User functions in Janus

Back somewhere around v1.6 I started developing the pre-/post-breakout script feature, where a script is run contextually to coincide with the breakout of a render pass. This matured to the script system in Janus in 1.7. But it was back then when I was in the mental thoroughfare thinking of ways to get user-created scripts to work with Janus. Specifically, I wanted to call functions from within the render pass cmd line; these functions should be completely user-defined, and obviously, referred to at run-time. This meant that I needed Janus to dynamically call a script. The wall I encountered was that because Janus is sourced and compiled, it can’t source (e.g. include/insert) any other script once it is distributed. I thought the gate was closed at the time.

Recently, I’ve broken through the wall by going through a surprisingly obvious route. In a word, the solution was to execute a single pre-defined script (at least for the initial implementation of the feature) which the user modifies or adds user functions.

The first step was to re-use the structure of how subcommand variables are processed, since they share pretty much the same procedure.

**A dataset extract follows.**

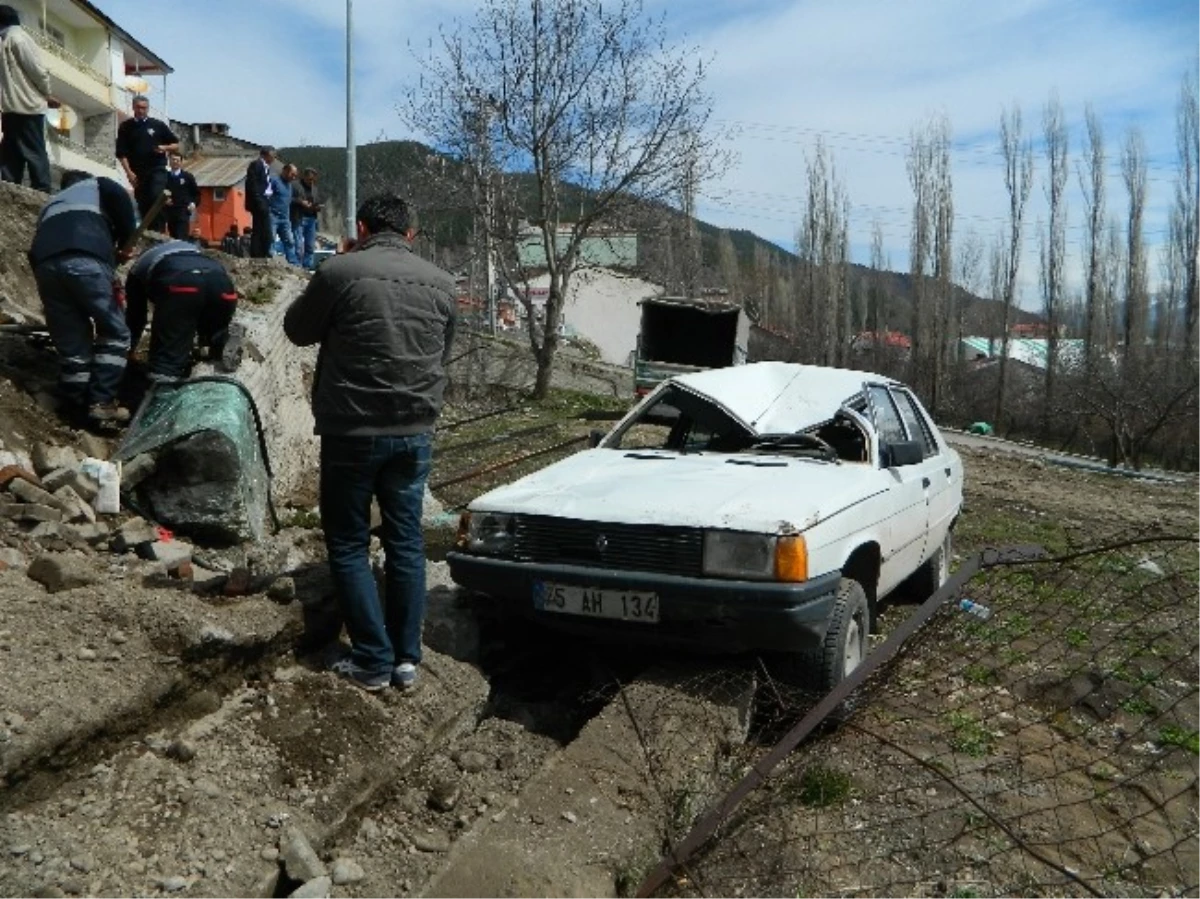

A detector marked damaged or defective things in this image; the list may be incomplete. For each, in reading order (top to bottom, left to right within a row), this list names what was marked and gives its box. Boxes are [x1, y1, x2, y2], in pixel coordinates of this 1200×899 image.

crushed car hood [672, 357, 888, 434]
damaged car roof [672, 362, 897, 436]
crushed car hood [468, 448, 883, 532]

The second bit was to implement the Queue Object Agent in LScript into the procedure. The Queue creates slots which serve to communicate to the user-defined functions the function call name and its argument(s). The function name and arguments are derived from parsing the cmd line. Once the function name is located, and arguments identified, this information is inserted into the slots of the Queue.

Then comes the third step, which was to create the base user function script that Janus will call once the Queue is populated. This base script calls upon the Queue that Janus has created, and starts querying the slots for information. It gets the function name and arguments, then checks if the function name exists; runs the function within and expects a return; the return value is passed on back to a reserved Queue slot, whereby Janus picks it up again and replaces the whole function call with the return value.

Neat.

It took about thirty minutes to prototype and two and half hours to implement. More tests required, but I was surprised that I got it working that night.

I suppose it also bears noting that the motive of this effort didn’t just come out from the blue. I received an email from a client very recently asking how he can fine-tune his output file paths. He wanted to be able to rearrange the output path so that his version number stuck at the end. Because filenames are just single strings, there is no inbuilt way of identifying which is the base name against the version number; the whole filename is effectively the base name. A parsing solution is needed. But because this is Janus, hard-coding is frowned upon. The solution must come in a form of being able to programmatically process the render pass parameters so that the user can do anything with it, and free to modify it in case their circumstances change.

B52 R4

Janus 1.7 B52 R4: released it, and with it a price adjustment to $99 (from the original $199). But the maintenance update marked only bugfixes, and nothing spectacular in of itself. I think the price adjustment is more of the headline.

It’s a bit difficult to keep on reasoning that Janus should maintain the price point it has had for five years. If inflation had anything to say it should have gone up. Of functionality, Janus has increased in bang: in 1.6 where the interface was really streamlined and new workflows were introduced to form a more sophisticated base for later development, and in 1.7 where the offline method was implemented. But Janus dwarfs the price point of its fellow LW plugins – though it has no functional off-the-shelf peer in LW-land – and I’ve received hints from more than a couple of people of the price being the main turn-off.

But some also complain that’s its too technical, and I think that no price is going to compensate for a system that doesn’t feel right for them. Fair enough.